If you only wanted to return the top-M elements of the sort, with this deconstructed-copy method, we can make some further improvements, by reducing the size of the copy operations. The full sort is done on the float quantities, but when it comes to copying the AoS results, only the top-M values are copied:
$ cat t30.cu
#include <thrust/sort.h>
#include <thrust/device_vector.h>
#include <iostream>
#include <thrust/execution_policy.h>
#include <time.h>
#include <sys/time.h>
#include <cstdlib>
#define USECPSEC 1000000ULL
long long dtime_usec(unsigned long long start){
timeval tv;
gettimeofday(&tv, 0);
return ((tv.tv_sec*USECPSEC)+tv.tv_usec)-start;
}
struct RadiosityData {
#ifdef USE_VEC
float4 emission;
float4 radiosity;
#else
float emission[4];
float radiosity[4];
#endif
float nPixLight;
float nPixCam;
float __padding[2];
};
__global__ void copyKernel(RadiosityData *d, float *f, int *i, int n){
int idx=threadIdx.x+blockDim.x*blockIdx.x;
if (idx < n){
f[idx] = d[idx].nPixCam;
i[idx] = idx;}
}
__host__ __device__ bool operator<(const RadiosityData &lhs, const RadiosityData &rhs) { return (lhs.nPixCam > rhs.nPixCam); };
struct my_sort_functor
{
template <typename T1, typename T2>
__host__ __device__ bool operator()(T1 lhs, T2 rhs) { return (lhs.nPixCam > rhs.nPixCam); };
};
const int N = 300000;
const int M = 1000; // identifies top-M values to be returned by sort
int main(){
RadiosityData *GPUpointer_ssbo, *o;
int sz = N*sizeof(RadiosityData);
thrust::device_vector<RadiosityData> ii(N);
GPUpointer_ssbo = thrust::raw_pointer_cast(ii.data());
thrust::device_ptr<RadiosityData> dev_ptr = thrust::device_pointer_cast(GPUpointer_ssbo);
//method 1: ordinary thrust sort
long long dt = dtime_usec(0);
thrust::sort(dev_ptr, dev_ptr+N);
cudaDeviceSynchronize();
dt = dtime_usec(dt);
std::cout << "ordinary sort time: " << dt/(float)USECPSEC << "s" << std::endl;
//method 2: reduced sort-and-copy
cudaMalloc(&o, sz);
thrust::device_ptr<RadiosityData> dev_optr = thrust::device_pointer_cast(o);
for (int i = 0; i < N; i++) {RadiosityData q{0}; q.nPixCam = rand(); ii[i] = q;}
float *d;
int *k;
cudaMalloc(&d, N*sizeof(float));
cudaMalloc(&k, N*sizeof(int));
thrust::device_ptr<int> dev_kptr = thrust::device_pointer_cast(k);
cudaDeviceSynchronize();
dt = dtime_usec(0);
copyKernel<<<(N+511)/512, 512>>>(GPUpointer_ssbo, d, k, N);
thrust::sort_by_key(thrust::device, d, d+N, k);
thrust::copy_n(thrust::make_permutation_iterator(dev_ptr, dev_kptr), M, dev_optr);
cudaMemcpy(GPUpointer_ssbo, o, M*sizeof(RadiosityData), cudaMemcpyDeviceToDevice);
cudaDeviceSynchronize();
dt = dtime_usec(dt);
std::cout << "sort+copy time: " << dt/(float)USECPSEC << "s" << std::endl;
}
$ nvcc -o t30 t30.cu -arch=sm_52 -lineinfo -DUSE_VEC
$ ./t30
ordinary sort time: 0.004425s
sort+copy time: 0.001042s
$
A few other notes:
It's also observed that the AoS is more efficiently handled by thrust when the 4-float
quantities are represented with a vector type (float4
) instead of a 4-element array.
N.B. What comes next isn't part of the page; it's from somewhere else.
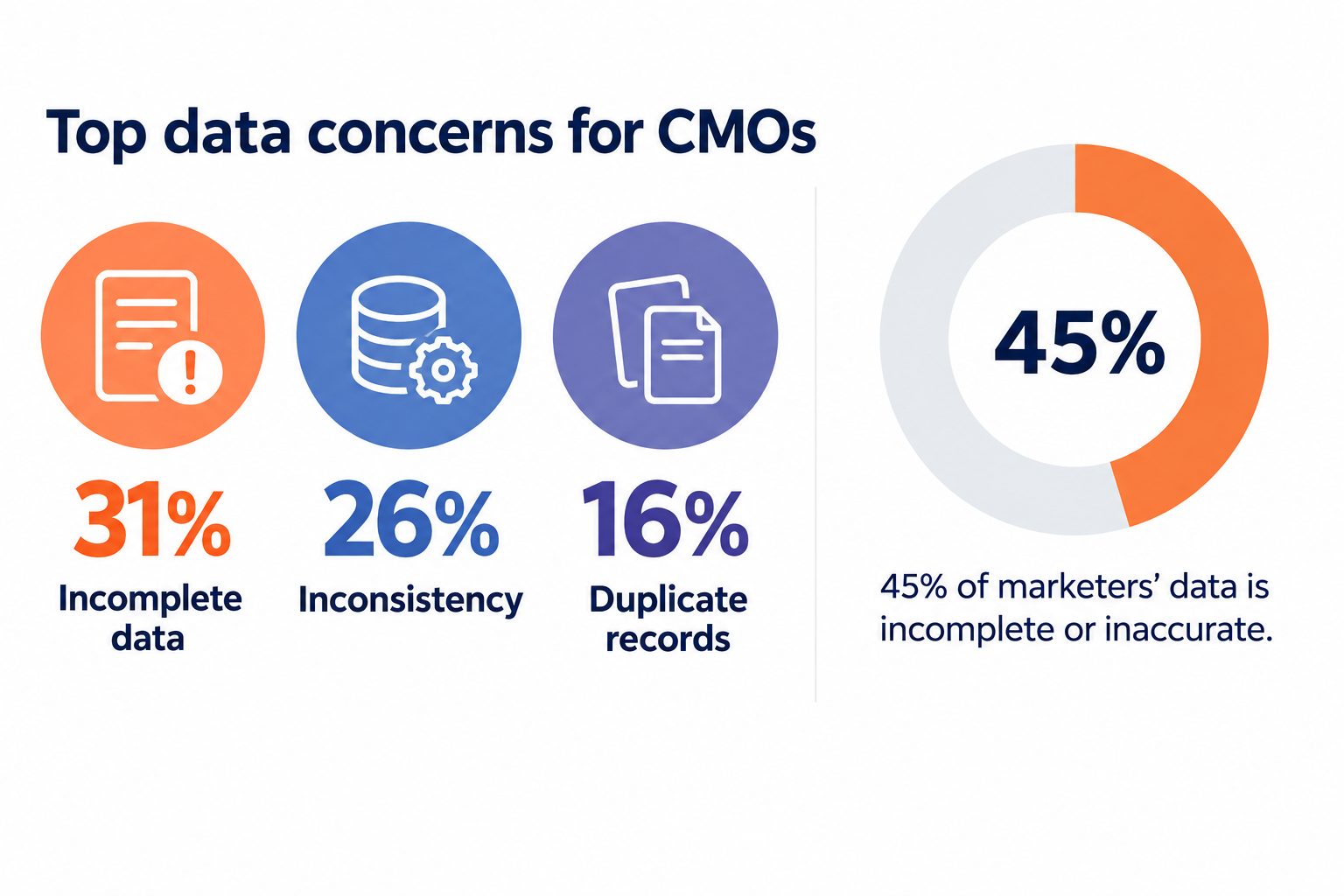 Top Marketing Data Concerns for CMOs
I suspect that this allows the compiler to identify a more efficient structure copy method.
Also note that according to my testing, compiling for the correct GPU architecture (sm_52
in my case) seems to make a small improvement. YMMV.
I don't claim correctness for this code or any other code that I post. Anyone using any code I post does so at their own risk. I merely claim that I have attempted to address the questions in the original posting, and provide some explanation thereof. I am not claiming my code is defect-free, or that it is suitable for any particular purpose. Use it (or not) at your own risk.